▶ TASK DETAILS:
Below are the entries. Print only the lines starting at the one with "Building Photo - Stunning" and ending at the one with "Sleeper Tractor-Heavy Duty", exactly, with no pictures.
(Beginning of SUPPLIED RECORDS)
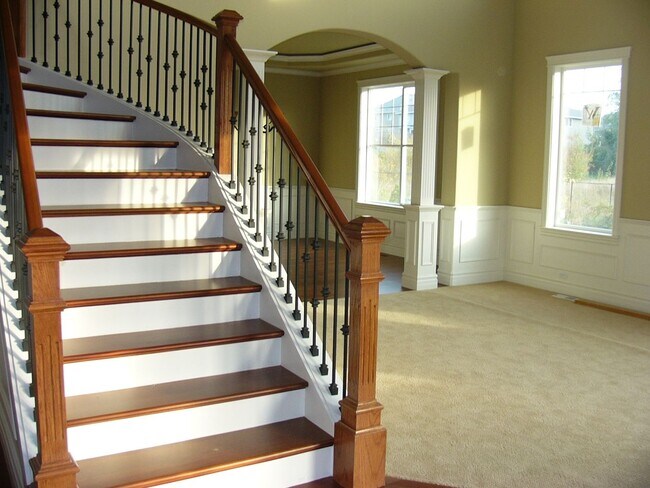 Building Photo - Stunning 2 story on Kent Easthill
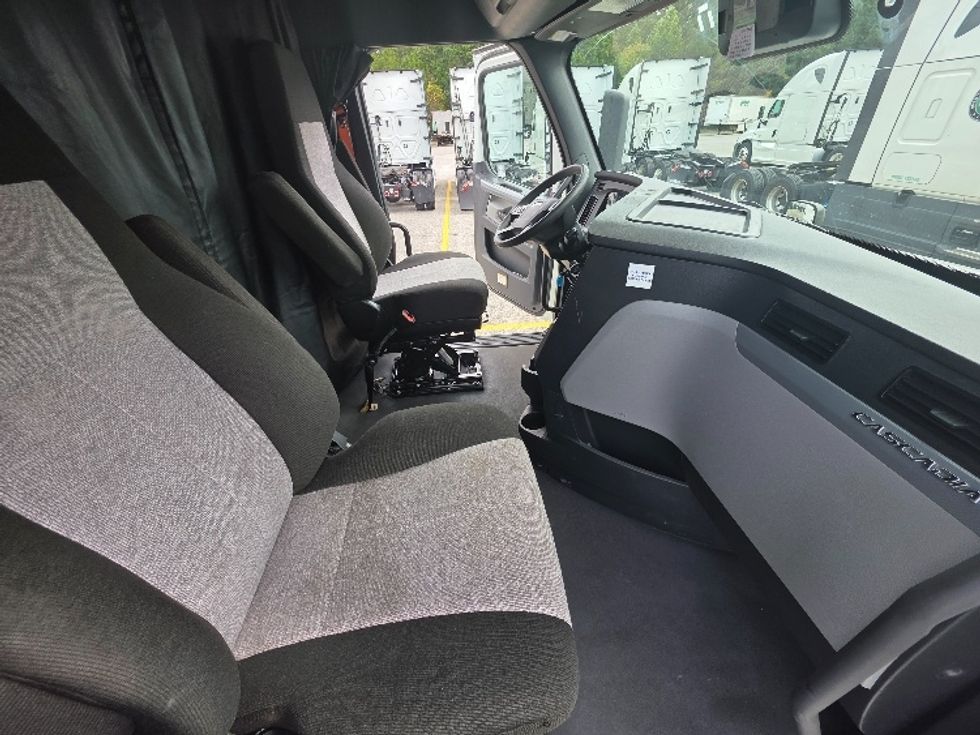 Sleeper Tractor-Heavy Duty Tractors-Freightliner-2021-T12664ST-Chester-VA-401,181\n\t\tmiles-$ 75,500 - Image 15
(End of SUPPLIED RECORDS)
(Beginning of SUPPLIED RECORDS)
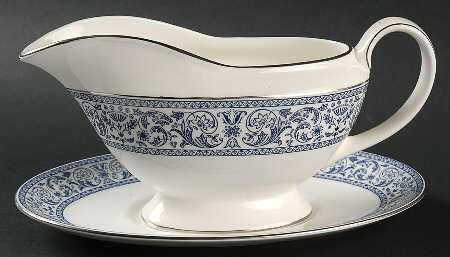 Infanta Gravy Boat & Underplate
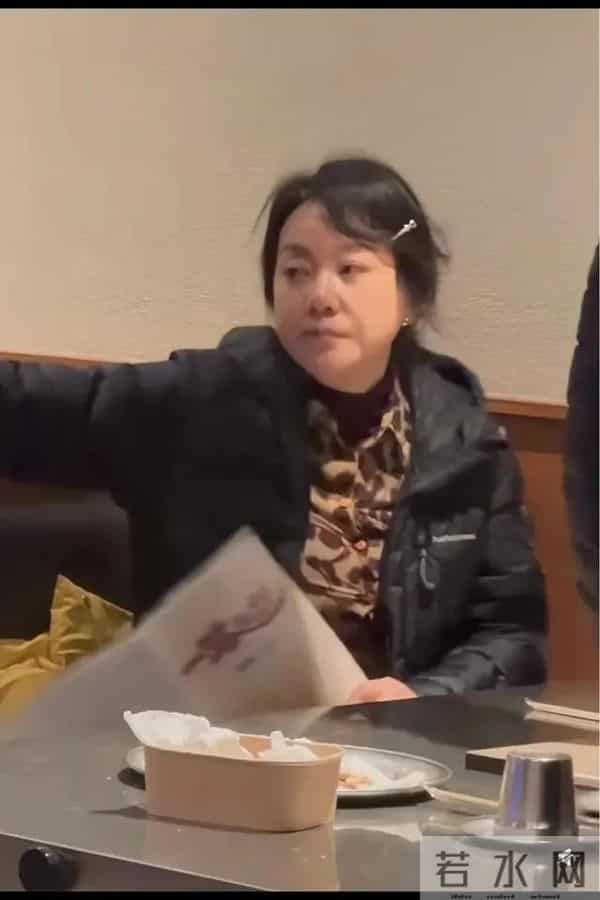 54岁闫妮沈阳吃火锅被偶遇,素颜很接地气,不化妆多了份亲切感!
(End of SUPPLIED RECORDS)
▶ SOLVED EXERCISE:
 Building Photo - Stunning 2 story on Kent Easthill
 Sleeper Tractor-Heavy Duty Tractors-Freightliner-2021-T12664ST-Chester-VA-401,181\n\t\tmiles-$ 75,500 - Image 15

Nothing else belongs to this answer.